Provided data:
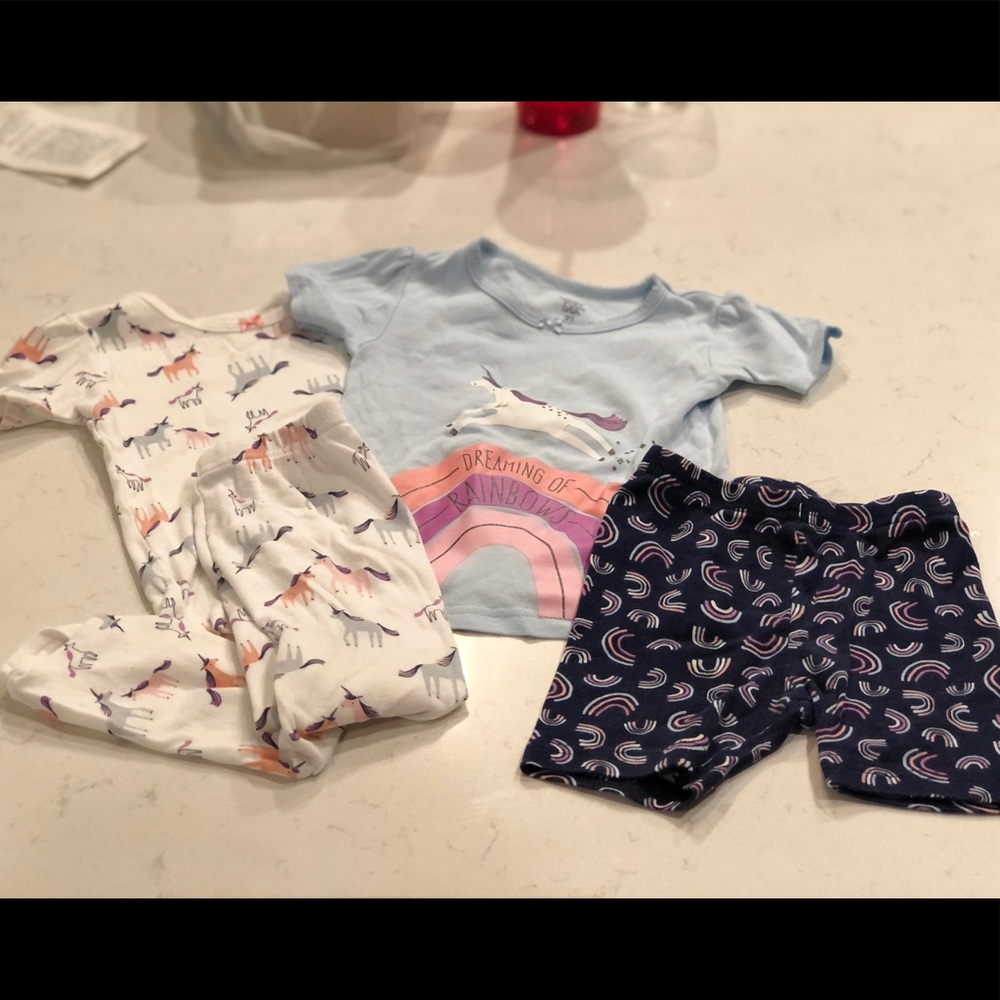 Carter’s toddler girl 2T unicorn pajama set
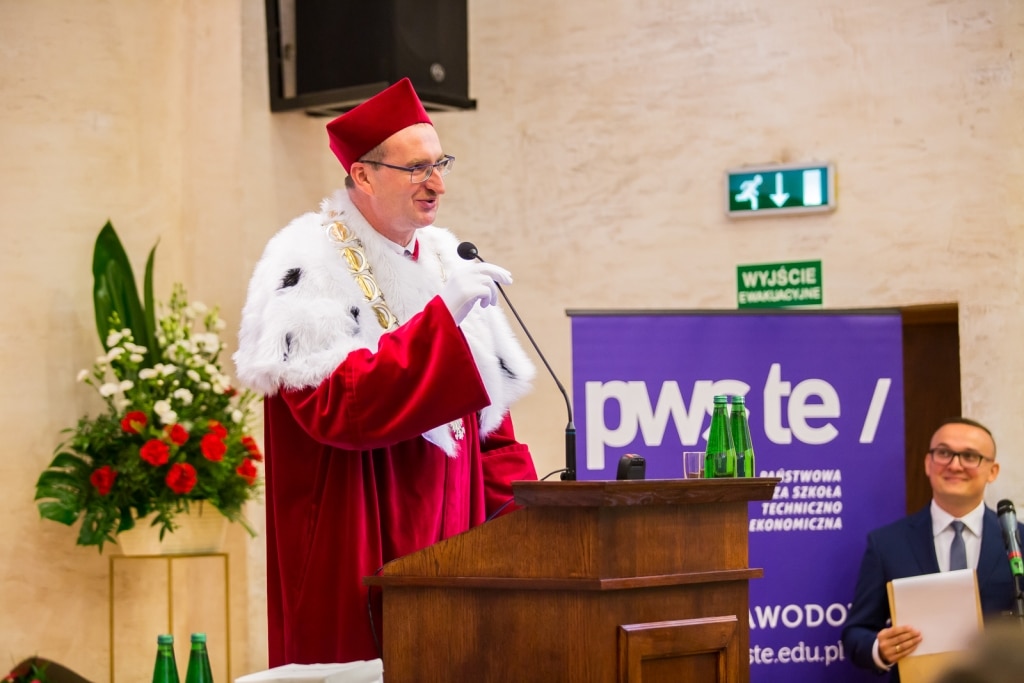 Rektor w todze podczas Inauguracji Roku Akademickiego 2019/2020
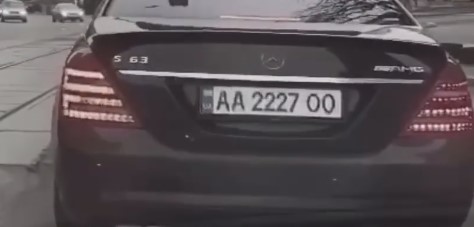 Меняет номера за пару секунд: водители в Украине нашли новый способ уйти от автофиксации, видео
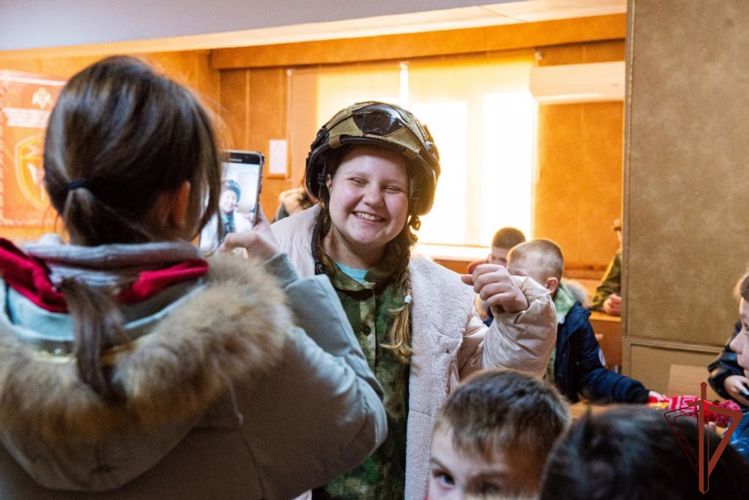 Патриотические встречи со школьниками и студенческой молодежью провела Росгвардия на Урале    
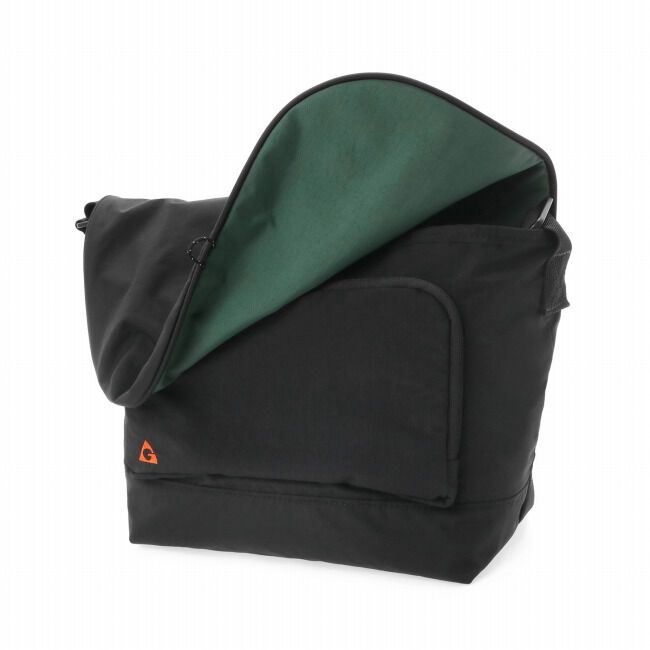 Manhattan Portage「NYLON MESSENGER BAG JR (SM) BACK POCKET W/ DIVIDER MAGNET NYLON TUSSAH RIPSTOP NYLON / GERRY」|ショルダー・メッセンジャー|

Instructions for the task:
Print the material in full and exactly; the pictures must not be printed.

Task solution:
 Carter’s toddler girl 2T unicorn pajama set
 Rektor w todze podczas Inauguracji Roku Akademickiego 2019/2020
 Меняет номера за пару секунд: водители в Украине нашли новый способ уйти от автофиксации, видео
 Патриотические встречи со школьниками и студенческой молодежью провела Росгвардия на Урале    
 Manhattan Portage「NYLON MESSENGER BAG JR (SM) BACK POCKET W/ DIVIDER MAGNET NYLON TUSSAH RIPSTOP NYLON / GERRY」|ショルダー・メッセンジャー|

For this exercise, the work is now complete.